Stored records:
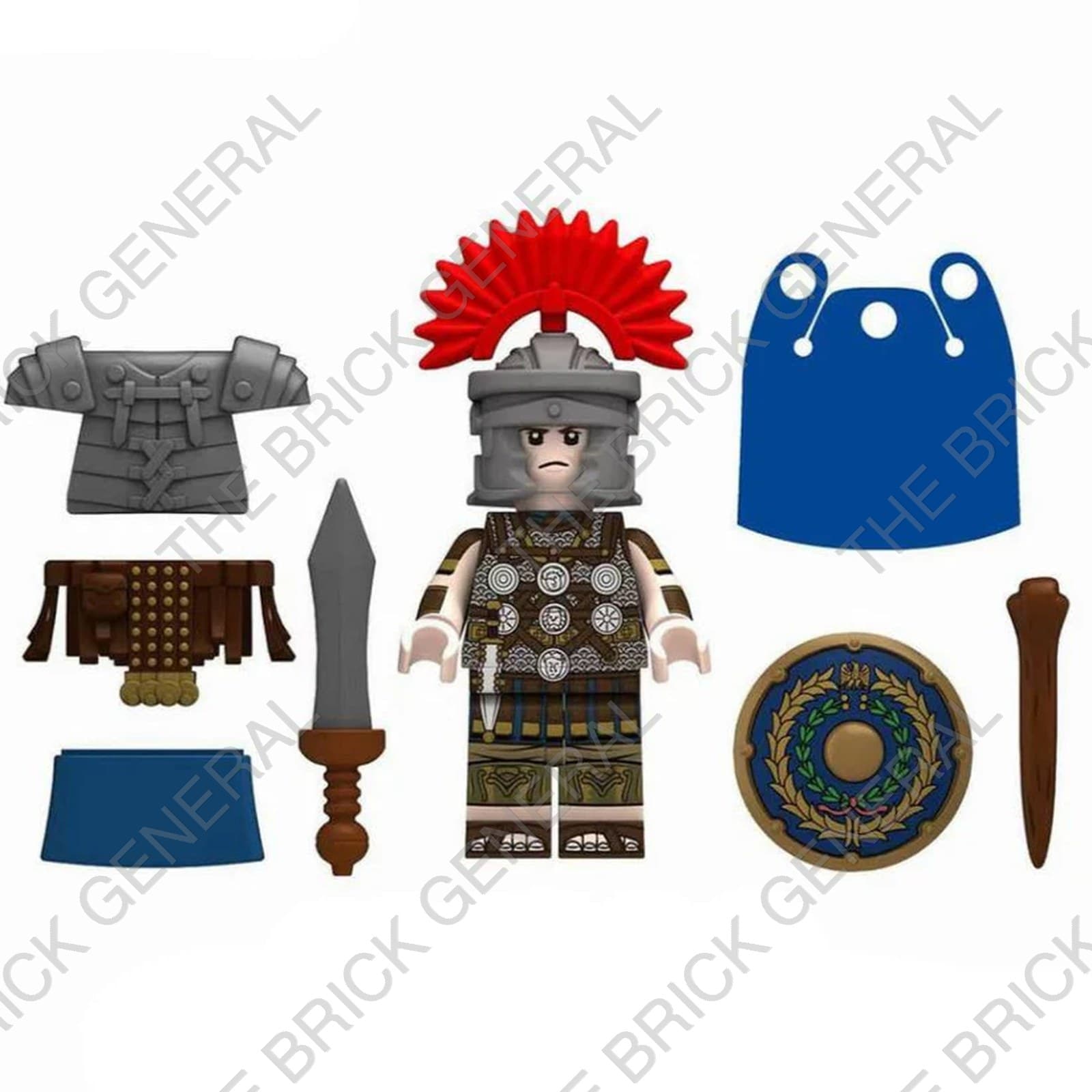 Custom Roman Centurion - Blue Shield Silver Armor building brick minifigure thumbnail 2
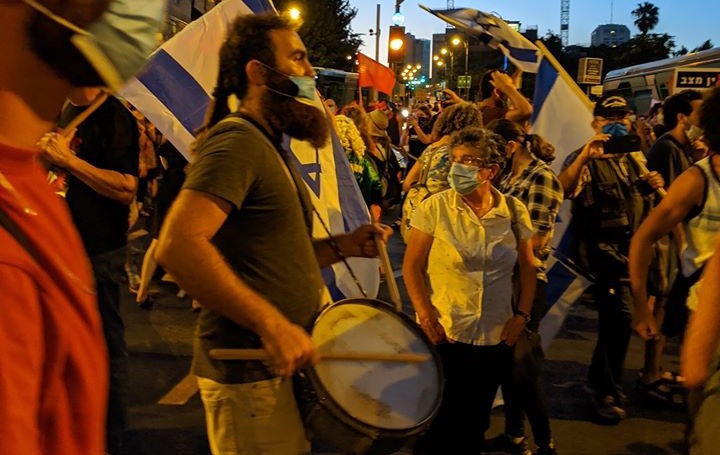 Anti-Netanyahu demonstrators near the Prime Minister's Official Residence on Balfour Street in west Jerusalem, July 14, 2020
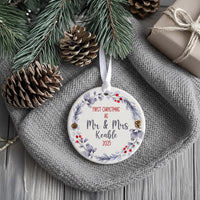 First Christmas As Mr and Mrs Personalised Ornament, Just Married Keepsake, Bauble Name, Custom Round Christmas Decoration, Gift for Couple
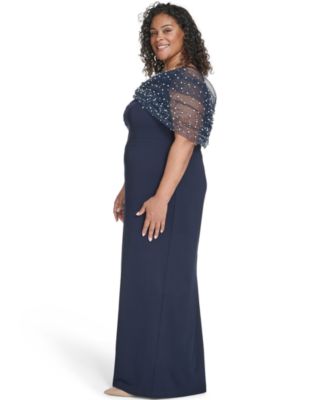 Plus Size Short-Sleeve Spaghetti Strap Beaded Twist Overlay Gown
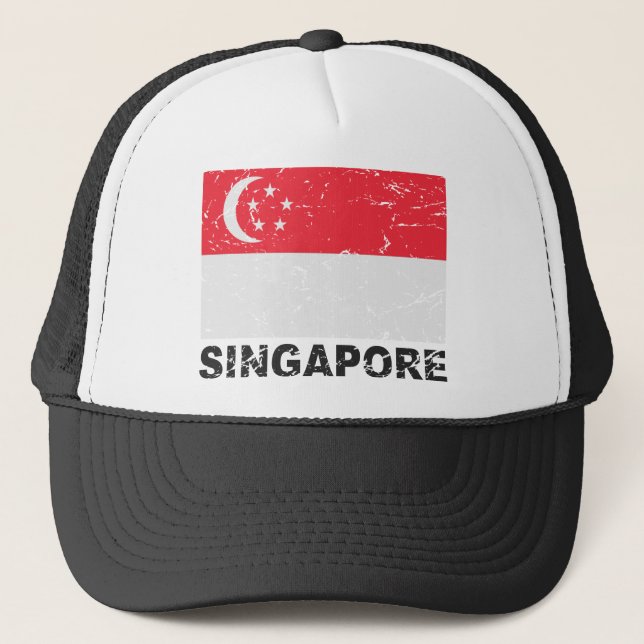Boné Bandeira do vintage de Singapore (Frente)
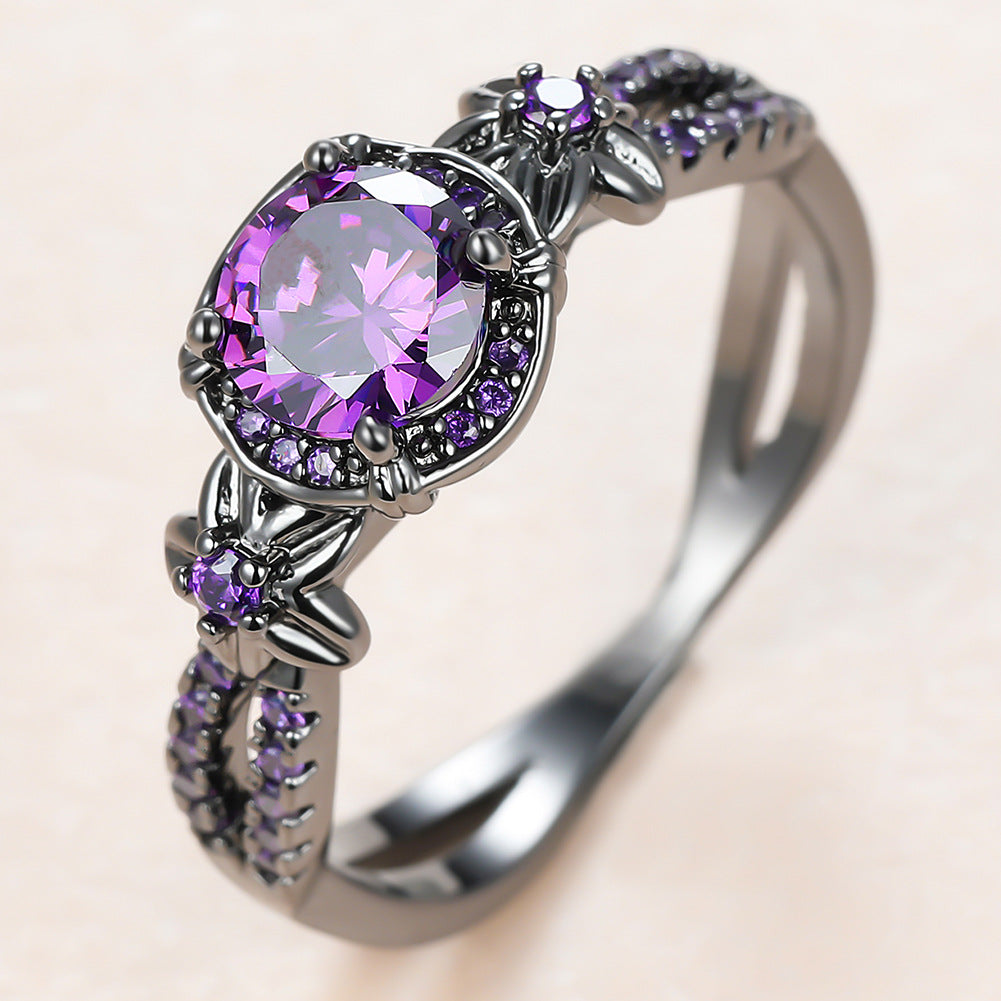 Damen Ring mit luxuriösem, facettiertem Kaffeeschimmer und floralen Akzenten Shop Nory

Exercise details
Only the text of the records above, copied exactly, should be returned; the pictures stay out.

Task output
 Custom Roman Centurion - Blue Shield Silver Armor building brick minifigure thumbnail 2
 Anti-Netanyahu demonstrators near the Prime Minister's Official Residence on Balfour Street in west Jerusalem, July 14, 2020
 First Christmas As Mr and Mrs Personalised Ornament, Just Married Keepsake, Bauble Name, Custom Round Christmas Decoration, Gift for Couple
 Plus Size Short-Sleeve Spaghetti Strap Beaded Twist Overlay Gown
Boné Bandeira do vintage de Singapore (Frente)
 Damen Ring mit luxuriösem, facettiertem Kaffeeschimmer und floralen Akzenten Shop Nory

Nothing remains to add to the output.